[Web page caption snippets]
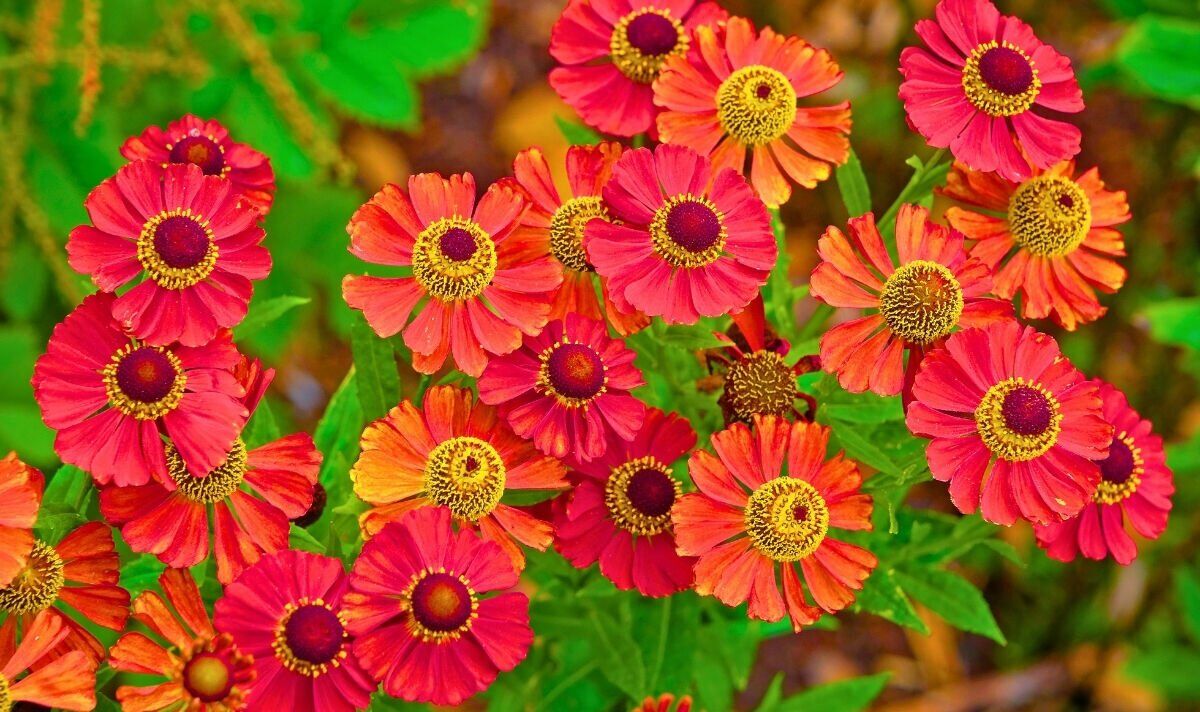 Picture of heleniums in a garden Picture of heleniums in a garden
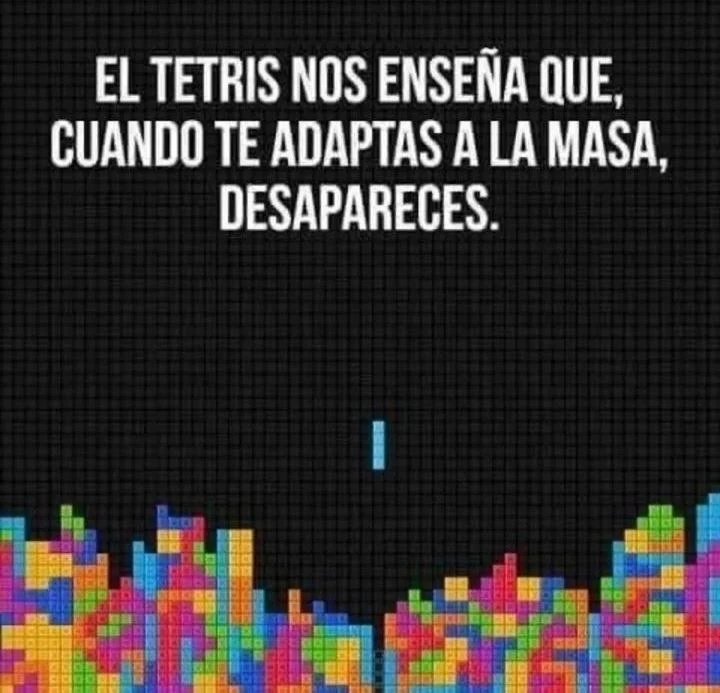 IMG_20240625_175254_569.webp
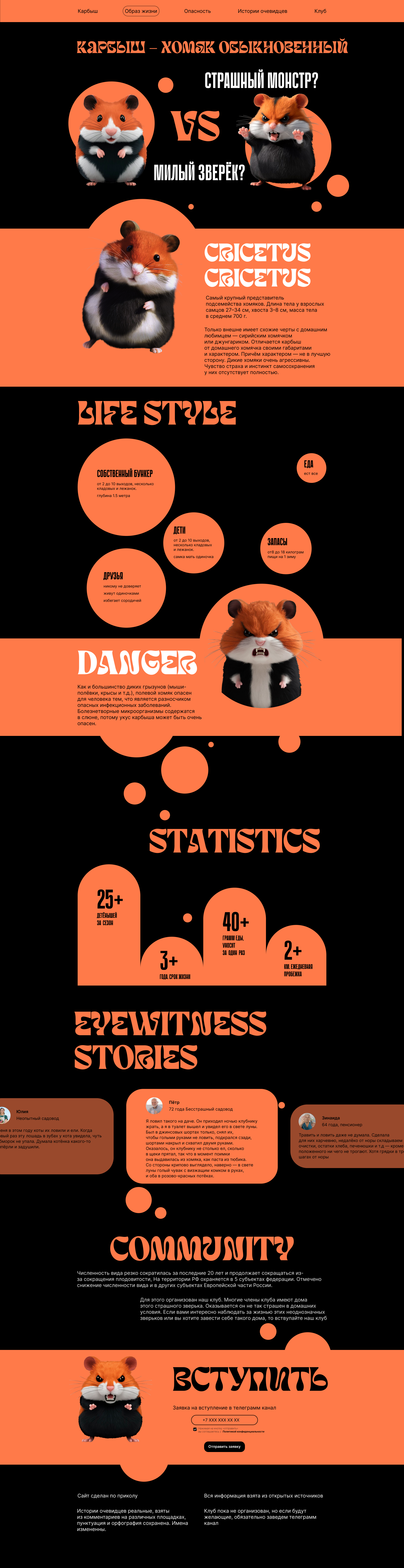 landing page wild humster — Изображение №2 — Интерфейсы на Dprofile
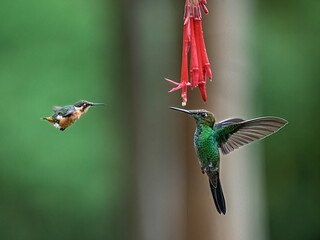 Violet-fronted Brilliant and  White-bellied Woodstar Hummingbirds Feeding at Red Fuchsia Flower in Ecuadorian Cloud Forest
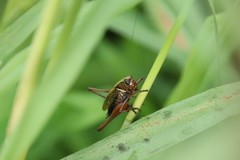 Eobiana engelhardti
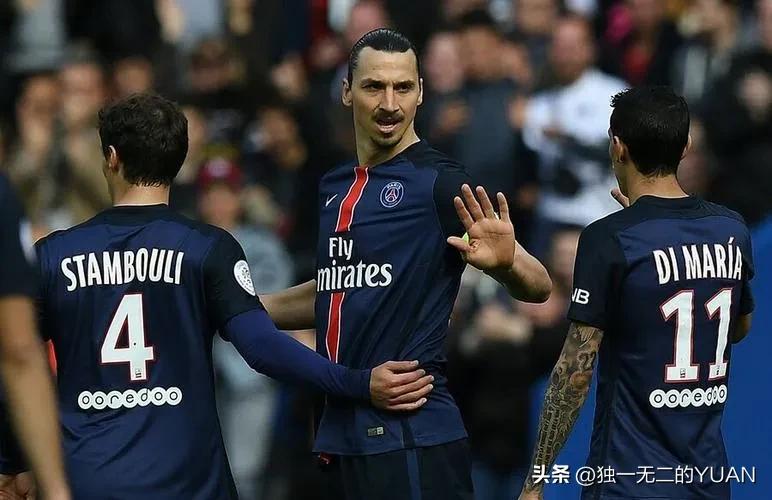 伊布现役足坛打架谁最厉害,伊布足坛四大狠人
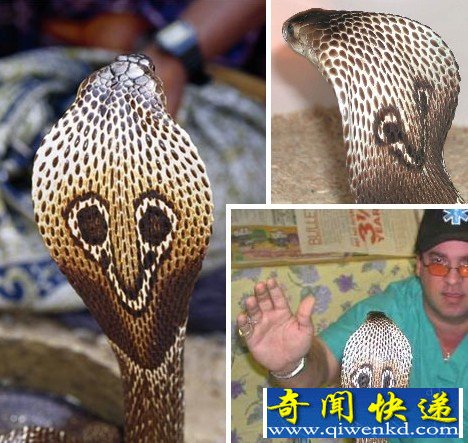 (图)自然界9种“膨大”动物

EXERCISE INSTRUCTIONS => Omit the pictures, then extract verbatim only those lines that fall between the line containing "IMG_20240625_175254_569.webp" and the final line of the records above, both included.

RESPONSE BOX =>
 IMG_20240625_175254_569.webp
 landing page wild humster — Изображение №2 — Интерфейсы на Dprofile
 Violet-fronted Brilliant and  White-bellied Woodstar Hummingbirds Feeding at Red Fuchsia Flower in Ecuadorian Cloud Forest
 Eobiana engelhardti
 伊布现役足坛打架谁最厉害,伊布足坛四大狠人
 (图)自然界9种“膨大”动物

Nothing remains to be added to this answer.